Çocuklarımızı, gençlerimizi okuturken yıllardan beri "kazanım da kazanım" diye tutturduk. Fakat ne yazık ki ne kazandık ne kazandırdık.
Mâdemki "Kazanmayanın kazanı kaynamaz."
demişler, o hâlde "kazanım da kazanım" demekle yürümeyen işi sihirli bir formül ile canlandırıp yürütmeliydik.
İşte "öğrenme çıktısı" denen sihirli formül, bata çıka yapılan çok meşakkatli bir arayışın sonunda ortaya çıktı.
***
Ey TDK!
Haydi, bu sefer gecikmeden davran: Kendine "eğitimci" diyenlerin ağızlarına sakız olan şu "öğrenme çıktısı"nı lügatine al! (Gerçi belki de önce şu "kazanım" maddesini adamakıllı ele almalıydın. Ama artık onun pabucu dama atıldı. Boş ver, eksik hâli ile kalsın o.

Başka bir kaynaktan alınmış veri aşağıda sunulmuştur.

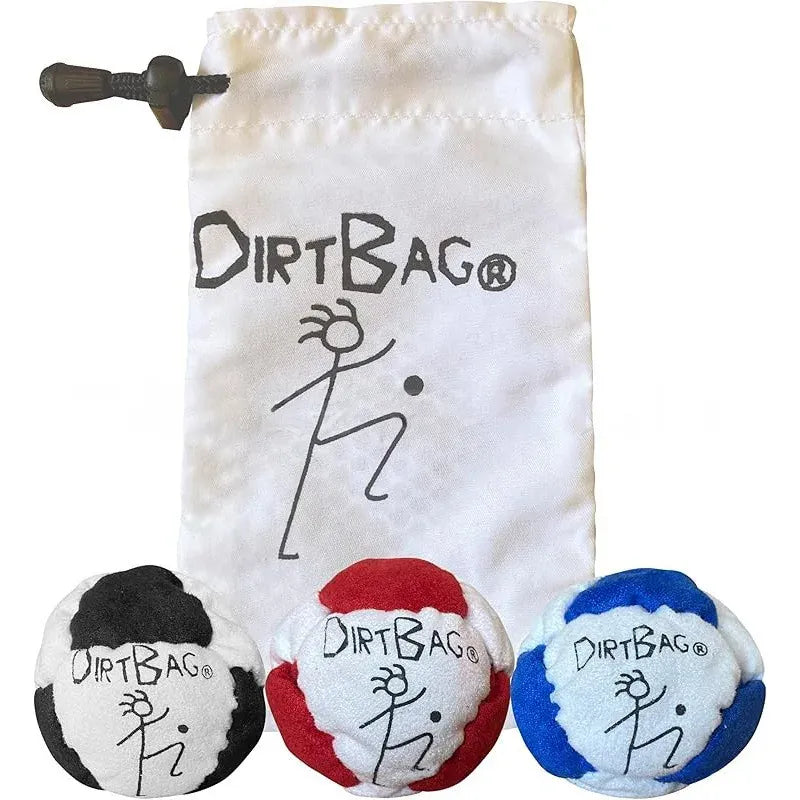 Best Hacky Sack Footbag Set – Shop Now & Save | Wahooly Dirtbag Classic Hacky Sack Footbag Set – Grab Yours Before They're Gone!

Sen artık şu "öğrenme çıktısı"na çalış.
***
Not: Sakın korkma, çekinme!
Senin yüksek karakterinde, dilin genleriyle oynamak, kelimelerin imlâsını ve mânâsını değiştirmek, vurduğun kelimeyi devirmek, dili yangın yerine çevirmek gibi nice nice hünerler var. Son yıllardaki uyuşuk ve ürkek hâlini terk et; titre ve kendine dön!